Suppose we have an strangely-shaped region \(S\), a mapping \(\Phi\), and a nicely-shaped region \(R\) such that \(\Phi(R) = S\). This is the ideal scenario for applying the change of variables theorem in order to integrate \(S\) (with the technical requirements that \(R\) is compact, \(\Phi \in C^1\), and \(\Phi\) is injective on \(R^0\)). Generally, you will be given \(S\) and you will need to come up with \(\Phi\) and \(R\).
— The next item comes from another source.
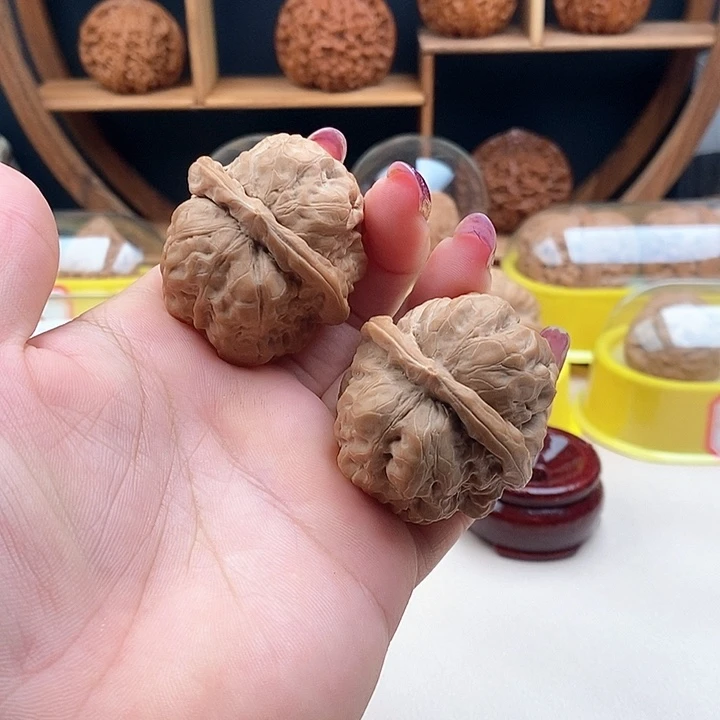 把件桃核蛤蟆头40全品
In this scenario, change of variables tells us that
$$ \int_S f = \int_R \Phi \circ f \cdot | \Phi^\prime | $$for \( f : S \rightarrow \mathbb{R} \) integrable.
Below on the right we have our target green area \(S\) and on the left is the green \(R\). We know that \( \Phi(R) = S \). In this case we can take \( \Phi \) to be the polar mapping \( (r,\theta) \mapsto (r \cos \theta, r \sin \theta) \). Drag around the blue box on the left, which represents \(\text{d}R\) (a bit of \(R\)). The corresponding \( \Phi(\text{d}R) \) is the blue area on the right, and the overlaying red area is \( \Phi^\prime(\text{d}R) + \Phi(x) \), where \(x\) is the lower right corner of \(\text{d}R\). Note how different positions of \(\text{d}R\) affect the orientation and scale of the areas on the right. Additionally, you can scale \(\text{d}R\) with the red circle at its top-right corner.
Again, we have another very similar setup except that here \(\Phi\) is the mapping \( (u,v) \mapsto ( u^2-v^2, 2 u v ) \), which represents the complex squaring map under the usual identification \(\mathbb{C} \cong \mathbb{R}^2\). Drag around and scale \(\text{d}R\) and note how its different positions and sizes affect the orientation and scale of \( \Phi(\text{d}R) \) and \( \Phi^\prime(\text{d}R) + \Phi(x) \).